The GDAX digital currency exchange has announced its plans for addressing the anticipated implementation of the BIP 148 User Activated Soft Fork, or UASF, on August 1st. In a blog post published on Thursday, GDAX general manager Adam White explained why the exchange may be forced to temporarily halt all trading and withdrawals to protect its customer’s funds.
The UASF is designed to force activation of Segregated Witness (SegWit). The proposal has been the subject of a great deal of controversy since it was first announced, with many favoring an alternative scaling solution known as Segwit2X. Despite that controversy, BIP 148 is scheduled to go into effect at the beginning of August.
In his post, White explained that UASF could result in the creation of two separate Bitcoin blockchains. He also acknowledged the uncertainty that such a split would create for the Bitcoin community:
“Should this occur, there are two likely outcomes:
1. One blockchain becomes dominant, resulting in the other blockchain having low community adoption and value.
2. Both blockchains are adopted, co-existing and operating independently of one another with roughly equal community adoption and value.”
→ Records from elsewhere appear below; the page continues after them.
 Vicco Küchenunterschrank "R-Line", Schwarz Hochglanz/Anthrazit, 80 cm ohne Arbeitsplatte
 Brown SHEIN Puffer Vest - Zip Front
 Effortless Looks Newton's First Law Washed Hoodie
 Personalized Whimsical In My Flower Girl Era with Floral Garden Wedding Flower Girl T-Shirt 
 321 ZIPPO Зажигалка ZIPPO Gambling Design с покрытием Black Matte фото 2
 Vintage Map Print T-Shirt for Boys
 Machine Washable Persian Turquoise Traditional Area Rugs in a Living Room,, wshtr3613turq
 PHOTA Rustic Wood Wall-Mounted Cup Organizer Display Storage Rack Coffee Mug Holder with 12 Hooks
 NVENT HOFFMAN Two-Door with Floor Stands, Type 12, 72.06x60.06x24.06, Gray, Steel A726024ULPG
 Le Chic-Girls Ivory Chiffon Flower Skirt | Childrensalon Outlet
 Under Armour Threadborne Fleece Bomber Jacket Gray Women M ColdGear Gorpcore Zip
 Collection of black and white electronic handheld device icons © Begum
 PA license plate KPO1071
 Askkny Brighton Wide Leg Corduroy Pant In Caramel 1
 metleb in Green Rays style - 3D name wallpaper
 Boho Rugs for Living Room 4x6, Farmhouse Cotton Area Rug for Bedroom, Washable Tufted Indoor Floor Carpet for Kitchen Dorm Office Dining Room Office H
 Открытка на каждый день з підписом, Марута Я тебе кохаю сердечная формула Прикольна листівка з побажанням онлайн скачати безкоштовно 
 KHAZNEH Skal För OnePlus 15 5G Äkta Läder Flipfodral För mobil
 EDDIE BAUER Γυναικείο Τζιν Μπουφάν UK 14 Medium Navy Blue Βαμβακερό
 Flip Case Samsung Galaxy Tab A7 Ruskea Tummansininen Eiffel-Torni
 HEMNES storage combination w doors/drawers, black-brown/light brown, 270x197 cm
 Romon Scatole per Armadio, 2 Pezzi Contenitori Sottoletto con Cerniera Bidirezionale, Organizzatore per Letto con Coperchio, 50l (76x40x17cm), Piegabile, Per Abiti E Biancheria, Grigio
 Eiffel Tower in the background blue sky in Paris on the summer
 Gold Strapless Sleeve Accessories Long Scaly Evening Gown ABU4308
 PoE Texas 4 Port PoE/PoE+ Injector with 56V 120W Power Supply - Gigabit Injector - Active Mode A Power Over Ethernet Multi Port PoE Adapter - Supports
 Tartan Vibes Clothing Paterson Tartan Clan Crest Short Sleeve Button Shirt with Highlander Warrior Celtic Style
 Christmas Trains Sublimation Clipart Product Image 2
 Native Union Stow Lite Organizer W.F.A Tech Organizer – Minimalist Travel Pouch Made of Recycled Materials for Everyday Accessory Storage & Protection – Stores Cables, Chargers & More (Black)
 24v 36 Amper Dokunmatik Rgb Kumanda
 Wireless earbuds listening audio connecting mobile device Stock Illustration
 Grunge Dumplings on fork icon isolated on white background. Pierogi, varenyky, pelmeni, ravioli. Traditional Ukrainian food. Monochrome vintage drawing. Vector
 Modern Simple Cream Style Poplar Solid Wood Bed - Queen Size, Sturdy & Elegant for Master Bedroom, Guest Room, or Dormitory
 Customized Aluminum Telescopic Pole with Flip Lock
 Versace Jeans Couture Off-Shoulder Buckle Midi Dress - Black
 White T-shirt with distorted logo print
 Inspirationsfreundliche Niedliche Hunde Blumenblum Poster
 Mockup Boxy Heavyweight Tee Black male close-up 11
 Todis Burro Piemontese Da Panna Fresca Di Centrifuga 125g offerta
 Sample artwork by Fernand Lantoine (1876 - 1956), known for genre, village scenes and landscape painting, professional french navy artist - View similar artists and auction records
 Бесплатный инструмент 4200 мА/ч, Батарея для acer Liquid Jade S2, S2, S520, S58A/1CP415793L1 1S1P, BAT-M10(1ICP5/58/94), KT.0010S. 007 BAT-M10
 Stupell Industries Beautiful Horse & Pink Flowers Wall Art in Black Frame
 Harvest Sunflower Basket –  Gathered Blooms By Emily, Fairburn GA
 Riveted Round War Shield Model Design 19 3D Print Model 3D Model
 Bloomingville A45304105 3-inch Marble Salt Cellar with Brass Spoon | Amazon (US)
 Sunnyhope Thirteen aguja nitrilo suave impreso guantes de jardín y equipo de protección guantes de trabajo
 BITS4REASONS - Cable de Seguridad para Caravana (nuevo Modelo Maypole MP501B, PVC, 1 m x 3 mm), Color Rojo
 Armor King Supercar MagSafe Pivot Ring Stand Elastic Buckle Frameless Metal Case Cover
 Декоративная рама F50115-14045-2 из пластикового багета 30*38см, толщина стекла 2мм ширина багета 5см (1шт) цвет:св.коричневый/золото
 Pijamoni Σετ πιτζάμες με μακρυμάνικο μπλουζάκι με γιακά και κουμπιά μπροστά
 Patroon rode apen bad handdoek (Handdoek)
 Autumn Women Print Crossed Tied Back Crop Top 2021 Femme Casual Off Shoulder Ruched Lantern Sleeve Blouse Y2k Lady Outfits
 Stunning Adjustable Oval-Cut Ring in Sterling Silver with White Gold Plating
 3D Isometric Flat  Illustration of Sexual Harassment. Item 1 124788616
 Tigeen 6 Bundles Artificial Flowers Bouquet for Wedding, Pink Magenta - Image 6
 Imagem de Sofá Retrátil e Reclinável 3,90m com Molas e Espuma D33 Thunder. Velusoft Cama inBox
According to White, GDAX has a contingency plan in place to ensure that a fork doesn’t adversely impact its customers. That plan apparently involves suspension of Bitcoin activity on the exchange during any period of uncertainty that results from the soft fork activation.
“In either scenario we will implement safeguards to ensure the safety of our customers’ funds. For example, we will temporarily suspend the deposit and withdrawal of bitcoin on GDAX and may pause the trading of bitcoin as well. This decision will be based on our assessment of the technical risks posed by the fork, such as replay attacks and other factors that could create network instability.”